I've been thinking of a certain work on paper done just before we left for Spain.
I hauled up the images into my screensaver.
I have to let this rest on it's back for a few days, sorry for the oblique angle.
Green.
Stephanie has been spotting green for over a year now. Rowney Georgian makes a yellow green that has always attracted my attention. A little obnoxous, the sharp yellow in it gives off an electric feel like a shock when you mishandle wires in some appliance. I curb this effect with some white and then I dirty it a little. I mixed it a month ago, and the huge lump sat in the studio until I alighted on this project.
Looking at the screensaver, I tried to gleen what had attracted me to that work on paper, I tried to avoid simply making a copy. But the schema is strong.
A green background that's a little dirty, made by rags, the result of a scrape off, a previously aborted attempt. A slightly altered green was remixed adn thrown onto the surface. The ballistics renders a reliable form: sent into flight from a swing of a loaded pallette knife, a globule spins about several centers of gravity as a tail, a tendril of paint trails behind to the launching tool, to my hand.
This dynamic form then hits the surface of the painting (a picture plane, literally) and the final miliseconds of ballistic form imprints itself onto the surface. Tadpoles, heads and tails.
I scoop out the heads with improvised stiff paper cut with my trusty shears. Disposable pallette knives. I keep it cartesian to let you know that I know and that I was there. As the scoop ends, a fillip licks the paint into a tongue. A ball of color, this time a compliment, goes into the breech and I comb the top with another shard of paper until it's flat.
Repeat.
The big turning point was a turn away from my preconceptions. Looking at the screensaver, I had relied on the schema a great deal.
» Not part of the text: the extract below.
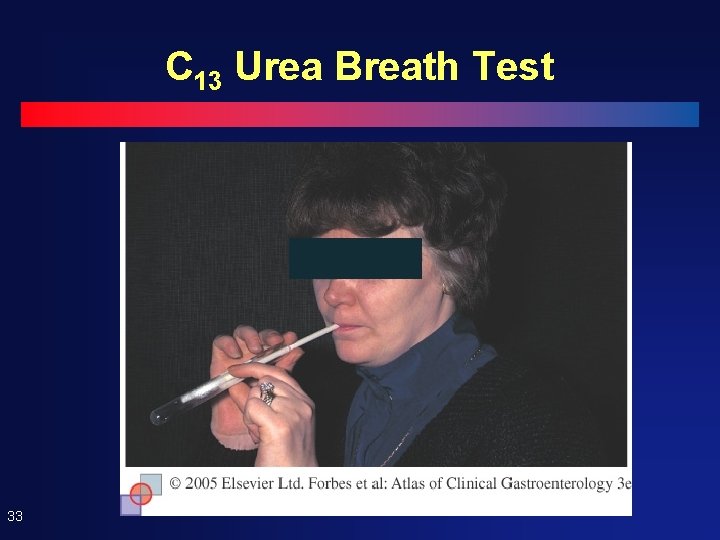 C 13 Urea Breath Test 33 C 13 Urea Breath Test 33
And with that schema was a brown flourish that figured the field, resolving the effort. Needing a bed to work this... flourish (I don't like that term particulary, but it is a useful handle for now) had to wait. And in waiting, I increasingly questioned the need for it.
Late into the experience, the bed was getting rich and my hestitations more firm. At the eleventh hour, I decided to get some sleep instead of finish this painting off (fortunately, these colors dry very slowly). As I left the studio, I realised that small moves might be better than large flourishes. Small moves would conserve the virtues of all this greeness.